Dr Oktadiana said transparency around the Komodo project was lacking and more needed to be done to involve local communities in the process – a vital part of any sustainable tourism project.

According to Cypri Jehan Paju Dale of Kyoto University, by converting the fragile ecosystem into a mass-tourist destination with a target of more than 1 million visitors a year, the government is prioritising business over conservation.

Under the plan, tourism will be concentrated on Rinca, one of the park’s islands, at a Jurassic Park-inspired development.

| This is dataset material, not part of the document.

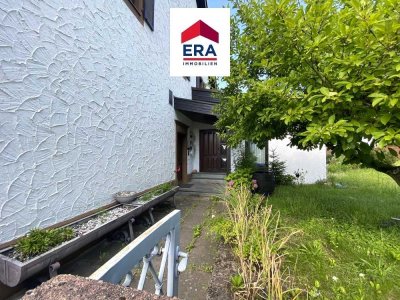 MEHRFAMILIENHAUS MIT GEWERBEFLÄCHE,RENDITEOBJEKT IN GROSSROSSELN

A Komodo dragon on Komodo Island.

Komodo National Park is the only remaining habitat of the endangered giant lizards known as Komodo dragons. Photo: 123rf

Dr Dale, a researcher of tourism development at Komodo National Park, said he was also concerned the livelihoods of local small-scale tourism providers were at risk because some large companies had been granted permission to develop and operate exclusively within the park.

“[This] creates conflicts of resource use between these companies and local communities, [and] smaller companies or individuals who work in conservation under the framework of community based tourism,” Dr Dale said.

He said the project lacked a coherent conservation management plan and he feared the development could destroy important habitat for the endangered lizards.

“It is not the way to go to build the tourism industry by granting concessions to several companies inside the habitat of the Komodo dragon,” he said.

“This is one of the principles of sustainable tourism; you can get benefit from the ecosystem … if you maintain it.”

Indonesian Minister for Tourism Sandiago Uno said the government planned to consult with local communities in the coming months.

He said an increase in entry fees would be used to fund conservation projects, and cooperation with local tourism businesses was a priority.

“The government wants conservation and the economy through tourism to run in balance,” Uno said.

International tourism across the globe is expected to reach pre-pandemic levels within the next three years, Maclaren said.

“So, when that occurs, did we put the infrastructure in place to deal with that volume of people? And did we create the awareness [that] being there its a privilege, [not a right]?”